WORK INSTRUCTIONS
Copy every line below. Do not alter any of them.

'''

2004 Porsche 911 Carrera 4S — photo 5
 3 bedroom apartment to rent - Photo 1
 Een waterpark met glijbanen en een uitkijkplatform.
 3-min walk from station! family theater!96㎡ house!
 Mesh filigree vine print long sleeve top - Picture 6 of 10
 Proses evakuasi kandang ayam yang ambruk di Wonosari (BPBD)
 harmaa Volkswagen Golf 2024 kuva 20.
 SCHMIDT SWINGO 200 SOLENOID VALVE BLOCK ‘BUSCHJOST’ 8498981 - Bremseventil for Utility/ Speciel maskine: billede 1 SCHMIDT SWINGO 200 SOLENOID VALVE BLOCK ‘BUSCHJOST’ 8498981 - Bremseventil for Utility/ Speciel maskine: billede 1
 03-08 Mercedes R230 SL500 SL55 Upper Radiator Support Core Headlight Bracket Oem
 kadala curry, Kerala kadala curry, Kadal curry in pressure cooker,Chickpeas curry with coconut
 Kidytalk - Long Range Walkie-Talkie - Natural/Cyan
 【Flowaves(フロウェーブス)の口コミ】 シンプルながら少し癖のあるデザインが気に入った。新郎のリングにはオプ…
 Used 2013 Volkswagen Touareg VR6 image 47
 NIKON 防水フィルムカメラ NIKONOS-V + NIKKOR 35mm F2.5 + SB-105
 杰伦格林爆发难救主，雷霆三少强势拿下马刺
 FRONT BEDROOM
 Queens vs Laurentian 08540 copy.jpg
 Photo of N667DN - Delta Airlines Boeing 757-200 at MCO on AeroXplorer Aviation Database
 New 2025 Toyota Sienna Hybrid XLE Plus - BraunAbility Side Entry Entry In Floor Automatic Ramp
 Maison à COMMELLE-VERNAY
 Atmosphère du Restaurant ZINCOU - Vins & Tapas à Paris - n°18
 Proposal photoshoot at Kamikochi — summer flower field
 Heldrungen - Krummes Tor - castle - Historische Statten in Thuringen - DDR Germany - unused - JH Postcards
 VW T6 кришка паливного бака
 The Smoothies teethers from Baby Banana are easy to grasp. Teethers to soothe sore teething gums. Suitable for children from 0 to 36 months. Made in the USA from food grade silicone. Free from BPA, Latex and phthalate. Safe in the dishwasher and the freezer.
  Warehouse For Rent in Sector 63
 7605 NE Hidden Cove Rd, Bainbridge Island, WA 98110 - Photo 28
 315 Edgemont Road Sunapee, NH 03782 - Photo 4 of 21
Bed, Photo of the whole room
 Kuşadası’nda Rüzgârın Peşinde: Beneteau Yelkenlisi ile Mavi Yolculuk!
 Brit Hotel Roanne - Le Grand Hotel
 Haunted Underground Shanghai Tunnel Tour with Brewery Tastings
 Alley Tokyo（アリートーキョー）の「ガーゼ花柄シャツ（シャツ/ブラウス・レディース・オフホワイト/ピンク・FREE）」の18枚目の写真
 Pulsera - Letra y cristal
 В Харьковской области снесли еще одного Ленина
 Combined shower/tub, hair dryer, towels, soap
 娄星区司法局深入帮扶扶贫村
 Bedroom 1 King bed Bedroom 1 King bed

'''

RESULT
2004 Porsche 911 Carrera 4S — photo 5
 3 bedroom apartment to rent - Photo 1
 Een waterpark met glijbanen en een uitkijkplatform.
 3-min walk from station! family theater!96㎡ house!
 Mesh filigree vine print long sleeve top - Picture 6 of 10
 Proses evakuasi kandang ayam yang ambruk di Wonosari (BPBD)
 harmaa Volkswagen Golf 2024 kuva 20.
 SCHMIDT SWINGO 200 SOLENOID VALVE BLOCK ‘BUSCHJOST’ 8498981 - Bremseventil for Utility/ Speciel maskine: billede 1 SCHMIDT SWINGO 200 SOLENOID VALVE BLOCK ‘BUSCHJOST’ 8498981 - Bremseventil for Utility/ Speciel maskine: billede 1
 03-08 Mercedes R230 SL500 SL55 Upper Radiator Support Core Headlight Bracket Oem
 kadala curry, Kerala kadala curry, Kadal curry in pressure cooker,Chickpeas curry with coconut
 Kidytalk - Long Range Walkie-Talkie - Natural/Cyan
 【Flowaves(フロウェーブス)の口コミ】 シンプルながら少し癖のあるデザインが気に入った。新郎のリングにはオプ…
 Used 2013 Volkswagen Touareg VR6 image 47
 NIKON 防水フィルムカメラ NIKONOS-V + NIKKOR 35mm F2.5 + SB-105
 杰伦格林爆发难救主，雷霆三少强势拿下马刺
 FRONT BEDROOM
 Queens vs Laurentian 08540 copy.jpg
 Photo of N667DN - Delta Airlines Boeing 757-200 at MCO on AeroXplorer Aviation Database
 New 2025 Toyota Sienna Hybrid XLE Plus - BraunAbility Side Entry Entry In Floor Automatic Ramp
 Maison à COMMELLE-VERNAY
 Atmosphère du Restaurant ZINCOU - Vins & Tapas à Paris - n°18
 Proposal photoshoot at Kamikochi — summer flower field
 Heldrungen - Krummes Tor - castle - Historische Statten in Thuringen - DDR Germany - unused - JH Postcards
 VW T6 кришка паливного бака
 The Smoothies teethers from Baby Banana are easy to grasp. Teethers to soothe sore teething gums. Suitable for children from 0 to 36 months. Made in the USA from food grade silicone. Free from BPA, Latex and phthalate. Safe in the dishwasher and the freezer.
  Warehouse For Rent in Sector 63
 7605 NE Hidden Cove Rd, Bainbridge Island, WA 98110 - Photo 28
 315 Edgemont Road Sunapee, NH 03782 - Photo 4 of 21
Bed, Photo of the whole room
 Kuşadası’nda Rüzgârın Peşinde: Beneteau Yelkenlisi ile Mavi Yolculuk!
 Brit Hotel Roanne - Le Grand Hotel
 Haunted Underground Shanghai Tunnel Tour with Brewery Tastings
 Alley Tokyo（アリートーキョー）の「ガーゼ花柄シャツ（シャツ/ブラウス・レディース・オフホワイト/ピンク・FREE）」の18枚目の写真
 Pulsera - Letra y cristal
 В Харьковской области снесли еще одного Ленина
 Combined shower/tub, hair dryer, towels, soap
 娄星区司法局深入帮扶扶贫村
 Bedroom 1 King bed Bedroom 1 King bed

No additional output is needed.